In Spring 1973, special prosecutor Archibald Cox appointed Lacovara as counsel to the special prosecutor in the Watergate special prosecutor's office.
That summer, Col. Alexander Butterfield testified that President Richard Nixon had secretly recorded his own conversations in the Oval Office and elsewhere. The Senate Watergate Committee and Prosecutor Cox issued subpoenas for the tapes, but President Nixon claimed the recordings were protected by executive privilege and refused to comply. Federal Judge John Sirica ordered President Nixon to turn over the tapes, which was upheld on appeal by the Circuit Court, but President Nixon continued to refuse, offering instead to provide written summaries of the subpoenaed tapes and allow Mississippi Senator John Stennis to hear the tapes and confirm the summaries' accuracy. Prosecutor Cox refused what became known as the Stennis compromise.

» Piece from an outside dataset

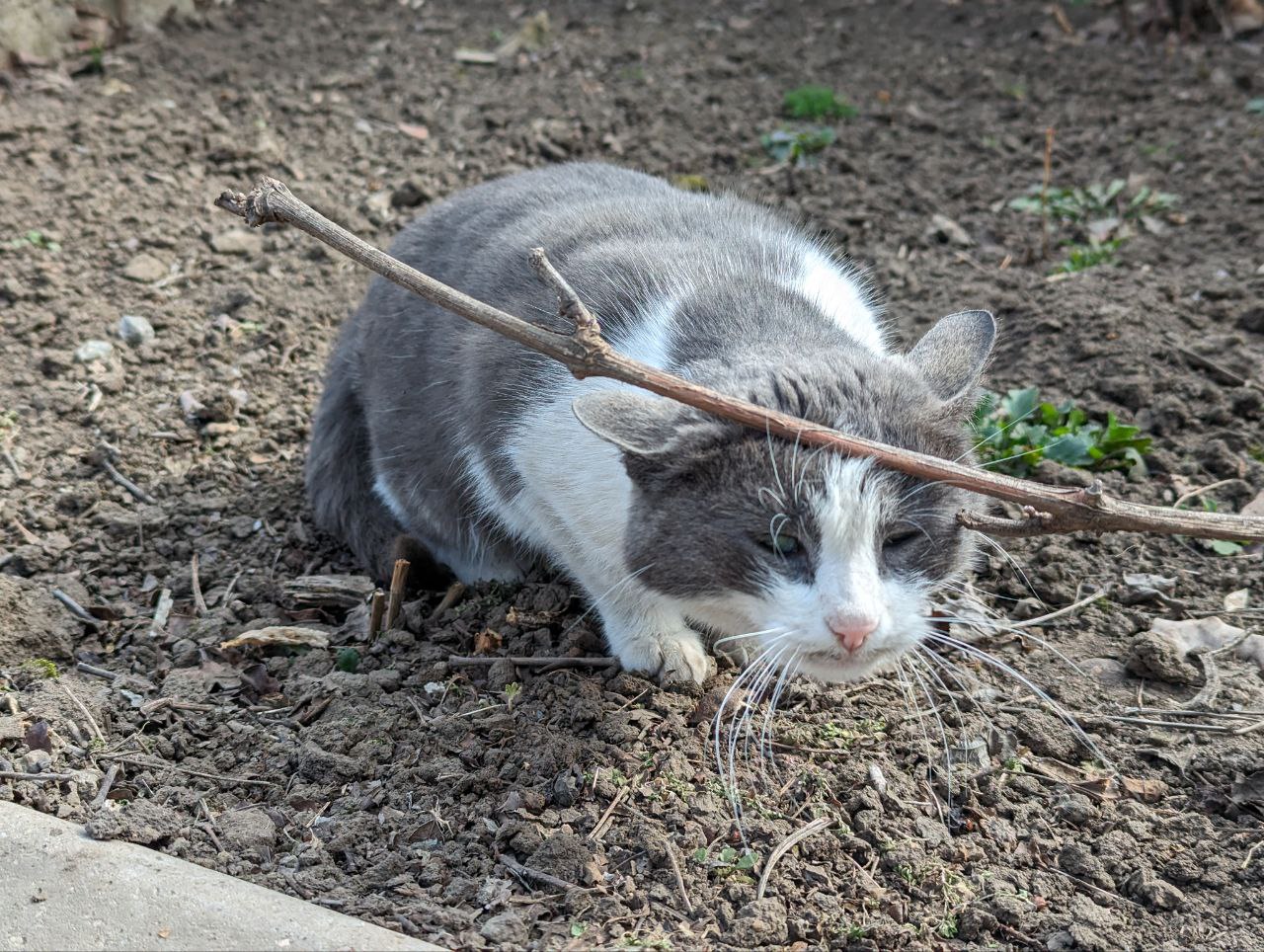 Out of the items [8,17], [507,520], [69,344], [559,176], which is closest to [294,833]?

On Saturday October 20, 1973, in an event that became known as the Saturday Night Massacre, President Nixon ordered Attorney General Elliot Richardson to fire Cox, but Richardson instead resigned. Richardson's second-in-command, Deputy Attorney General William Ruckelshaus, received the same order, but he too tendered his resignation. Solicitor General Bork became Acting Attorney General, and complied with President Nixon's order to fire Cox. [10] That same evening Lacovara, who briefly worked with Bork in the Solicitor General's Office, called Bork, who alerted Lacovara of Cox' dismissal, but said he had no orders to dismantle the special prosecutor's office or fire other prosecutors. [6] Lacovara relayed this information to deputy prosecutor Henry Ruth and the rest of the staff, who agreed to retrieve their files and continue their work. FBI agents blocked their entry into the office, however, and told them the president had officiall disbanded the office of the special prosecutor. [11]

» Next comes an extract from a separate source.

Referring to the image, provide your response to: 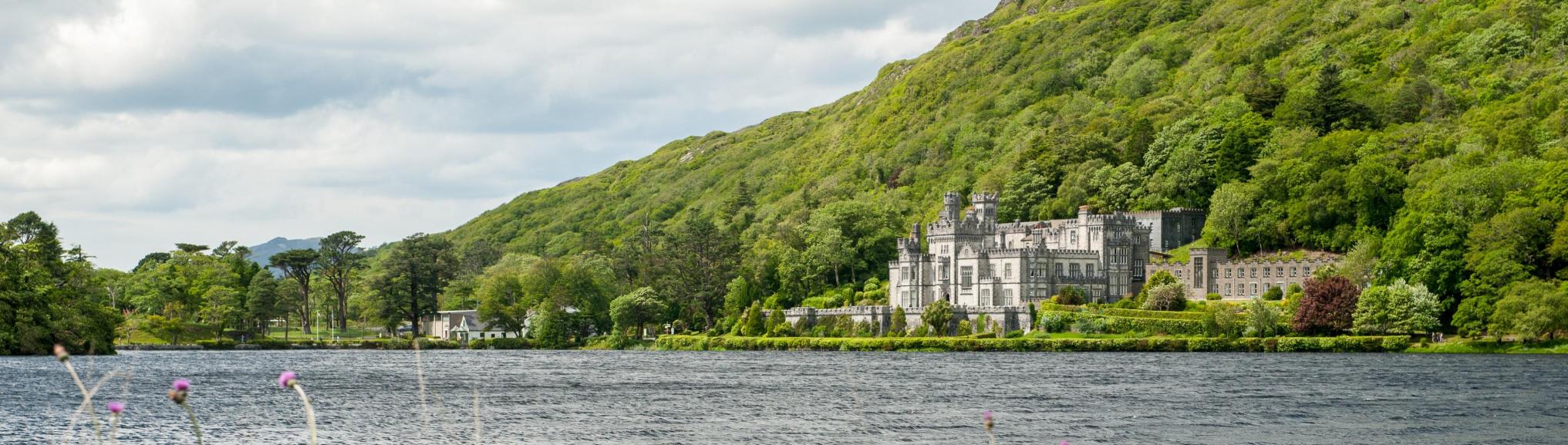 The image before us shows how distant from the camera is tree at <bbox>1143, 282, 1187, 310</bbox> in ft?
347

As news broke that Sunday, the White House received an unprecedented deluge of telegrams protesting the President's actions. By Tuesday, Judge Sirica had forbidden the FBI from seizing materials from the special prosecutor's office, ordered the grand juries hearing the Watergate indictments to continue their work, and was in the process of preparing a contempt citation against the President. [12] On Wednesday October 24, President Nixon reversed course, and agreed to provide the tapes to the court, as ordered. [13] Leon Jaworski was named the new special prosecutor on November 2.

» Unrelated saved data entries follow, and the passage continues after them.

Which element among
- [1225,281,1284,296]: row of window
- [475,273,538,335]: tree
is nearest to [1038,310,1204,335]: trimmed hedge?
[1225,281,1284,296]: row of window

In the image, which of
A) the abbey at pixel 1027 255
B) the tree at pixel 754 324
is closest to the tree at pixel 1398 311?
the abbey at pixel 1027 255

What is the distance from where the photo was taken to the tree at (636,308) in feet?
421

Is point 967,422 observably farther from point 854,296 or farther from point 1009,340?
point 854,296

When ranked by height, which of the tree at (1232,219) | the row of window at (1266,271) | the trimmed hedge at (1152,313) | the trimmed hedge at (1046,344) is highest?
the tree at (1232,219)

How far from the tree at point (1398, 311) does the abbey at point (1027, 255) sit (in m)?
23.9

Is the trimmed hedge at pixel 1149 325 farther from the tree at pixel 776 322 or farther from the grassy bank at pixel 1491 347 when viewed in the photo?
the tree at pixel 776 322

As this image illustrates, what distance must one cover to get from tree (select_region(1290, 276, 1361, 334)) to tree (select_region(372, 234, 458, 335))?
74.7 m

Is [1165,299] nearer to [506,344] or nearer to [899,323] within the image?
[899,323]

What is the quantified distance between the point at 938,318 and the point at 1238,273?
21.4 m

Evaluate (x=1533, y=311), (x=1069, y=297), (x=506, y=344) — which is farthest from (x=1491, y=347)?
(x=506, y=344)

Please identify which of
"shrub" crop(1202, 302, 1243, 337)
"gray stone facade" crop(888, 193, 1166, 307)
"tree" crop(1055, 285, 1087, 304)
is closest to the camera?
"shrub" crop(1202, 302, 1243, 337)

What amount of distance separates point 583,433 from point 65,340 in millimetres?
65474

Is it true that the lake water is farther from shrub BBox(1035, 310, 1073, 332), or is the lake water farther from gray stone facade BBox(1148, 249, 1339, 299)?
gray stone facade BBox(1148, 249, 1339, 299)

Jaworski subpoenaed sixty-four taped conversations, but Nixon again appealed, claiming the materials were protected by executive privilege, and that the office of Special Prosecutor lacked the right to sue the office of President. Jaworski appealed directly to the Supreme Court. [14]
On July 8, 1974, Lacovara delivered 35 minutes of oral argument before the Supreme Court in United States v. Nixon. [15] [16]
In 1981 President Reagen appointed Lacovara as the Presidential appointee to the District of Columbia Judicial Nomination Commission.
In 1962, while still an undergraduate student at Georgetown, Lacovara married his wife, Madeline. They had seven children. [6]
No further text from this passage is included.